The Tech-Bilt court developed a number of different factors to consider when determining whether a settlement is made in “good faith.” The settlement amount, while clearly a relevant factor, is not the sole consideration. For example, bad faith is not established simply by showing that a settling defendant paid less than his or her theoretical proportionate or fair share. Such a rule would unduly discourage settlements – damages are often speculative, and the probability of legal liability is often uncertain or remote. Further, even where damages are great and liability certain, a disproportionately low settlement figure is often reasonable in the case of a relatively insolvent, and uninsured, or underinsured, joint tortfeasor. Moreover, such a rule would tend to convert the pretrial settlement approval procedure into a full scale mini trial.

The intent and policies underlying 877.6 require that a number of factors be taken into account including a rough approximation of plaintiff’s total recovery and the settlor’s proportionate liability, the amount paid in settlement, the allocation of settlement proceeds among plaintiffs, and a recognition that a settlor should pay less in settlement than he would if he were found liable after a trial. Other relevant considerations include the financial conditions and insurance policy limits of settling defendants, as well as the existence of collusion, fraud, or tortious conduct aimed to injure the interests of nonsettling defendants.
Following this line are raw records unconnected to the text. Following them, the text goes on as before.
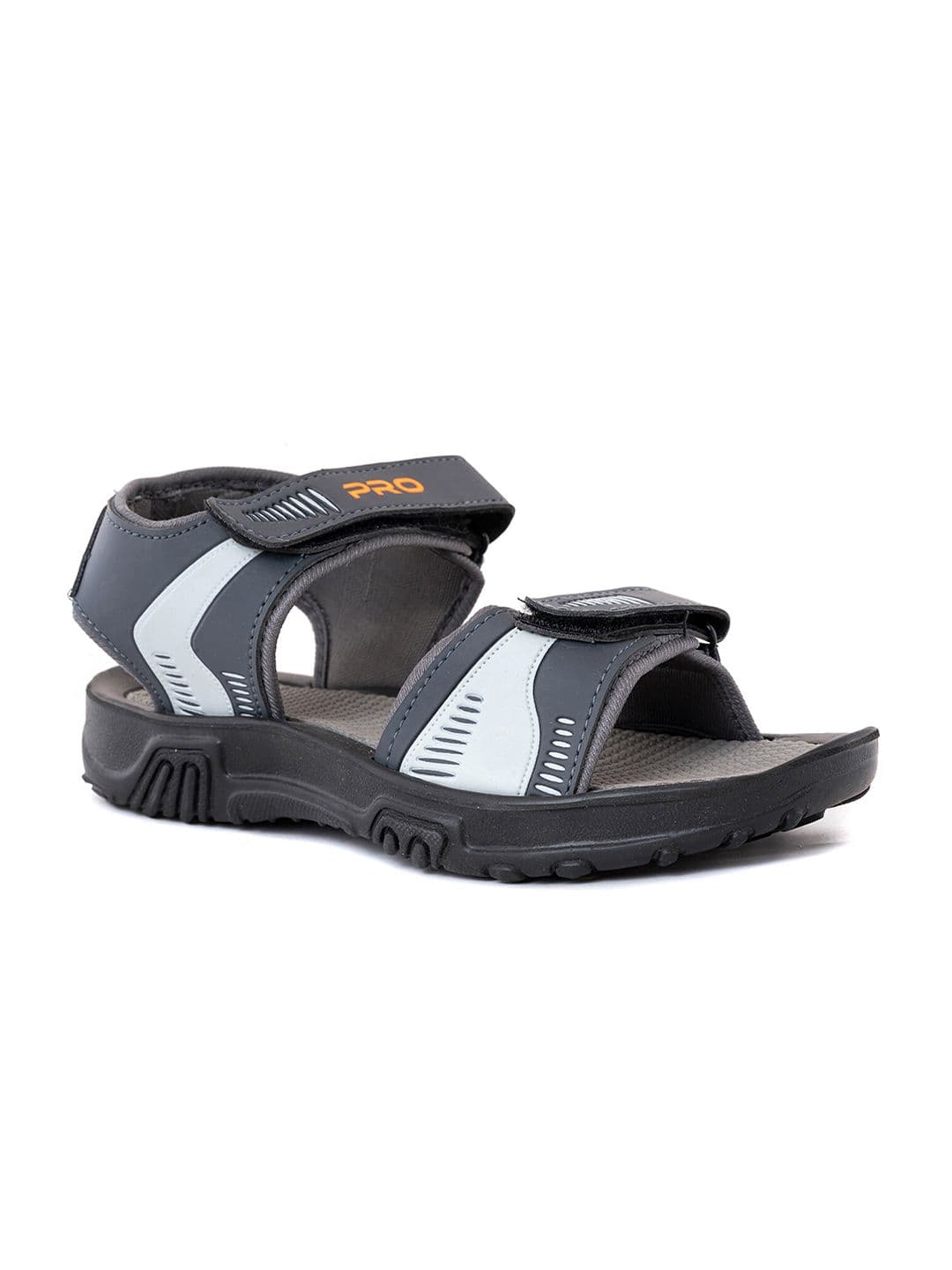Khadims Men Textured Sports Sandals - view 1
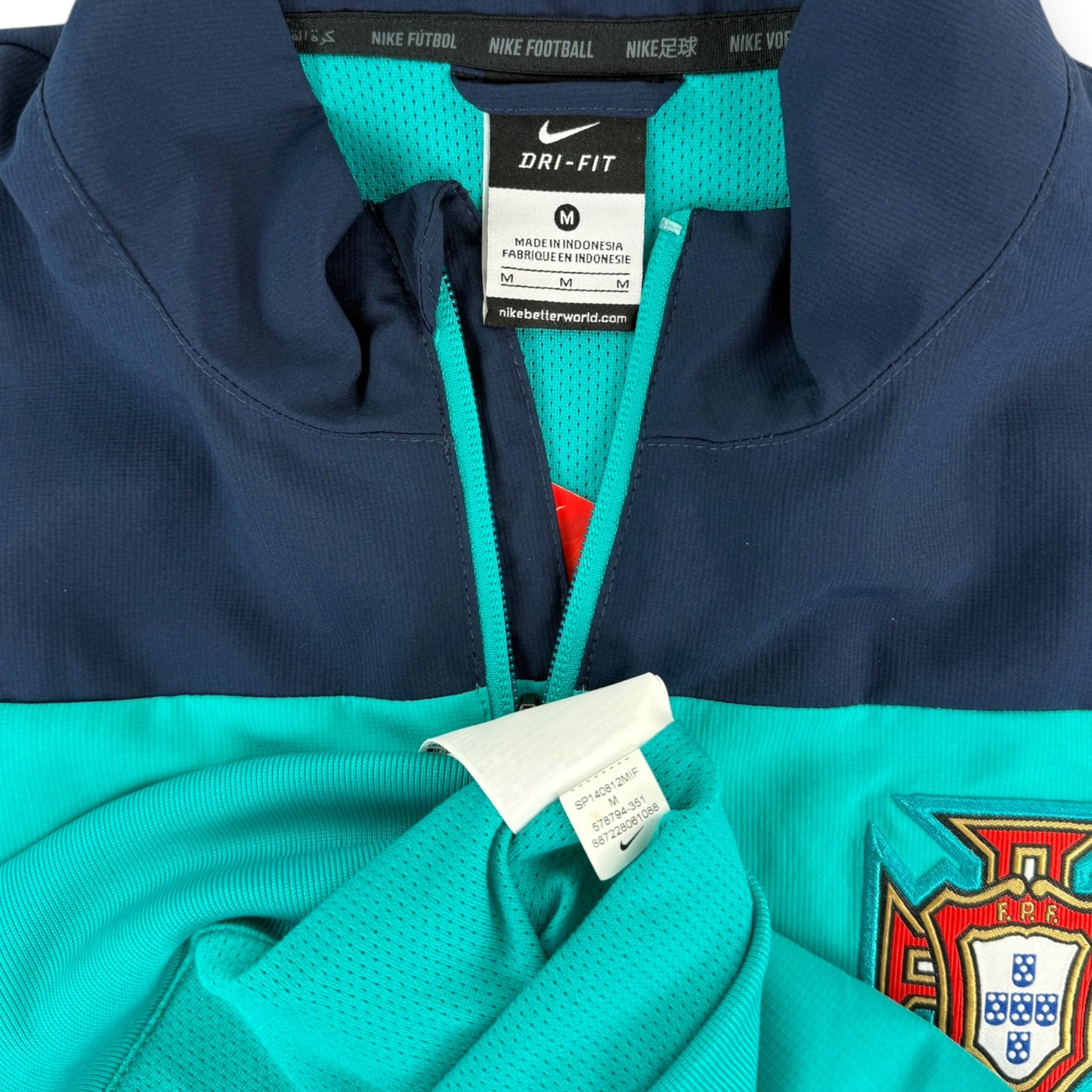 Portugal 2014 Tracksuit Jacket (M)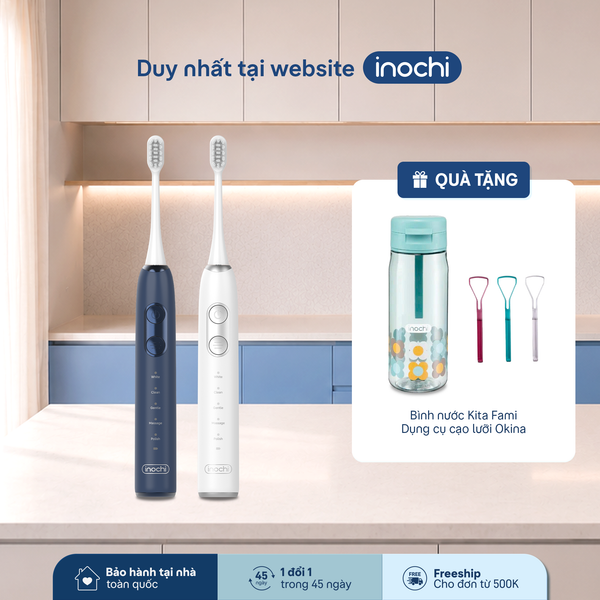  Bàn chải điện sóng âm Okina Lite 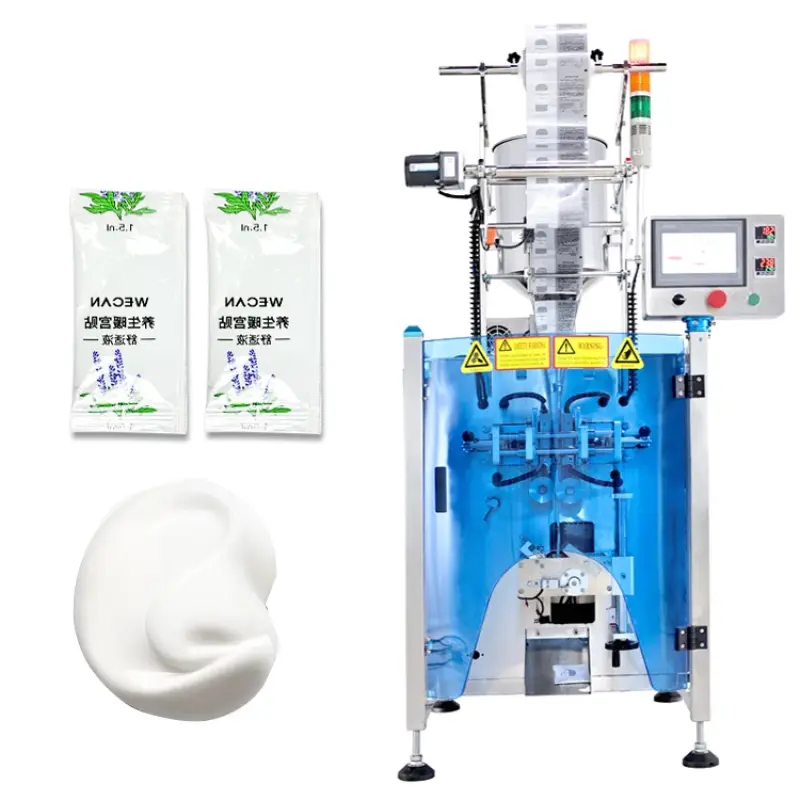 Multi-function Packaging Machines 4 Side Packing Machine Sauce Packaging Liquid Filling Machine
Finally, practical considerations obviously require that the evaluation be made on the basis of information available at the time of settlement. A defendant’s settlement figure must not be “grossly disproportionate” to what a reasonable person, at the time of the settlement, would estimate the settling defendant’s liability to be. The party asserting the lack of good faith has the burden of proof on that issue (CCP 877.6(d)) and should be permitted to demonstrate, if he can, that the settlement is so far “out of the ballpark” in relation to these factors as to be inconsistent with the equitable objectives of the statute. Such a demonstration would establish that the proposed settlement was not a settlement made in good faith within the terms of 877.6. (Tech-Bilt, Inc. v. Woodward-Clyde & Assoc. (1985) 38 Cal.3d 488, 498-501.)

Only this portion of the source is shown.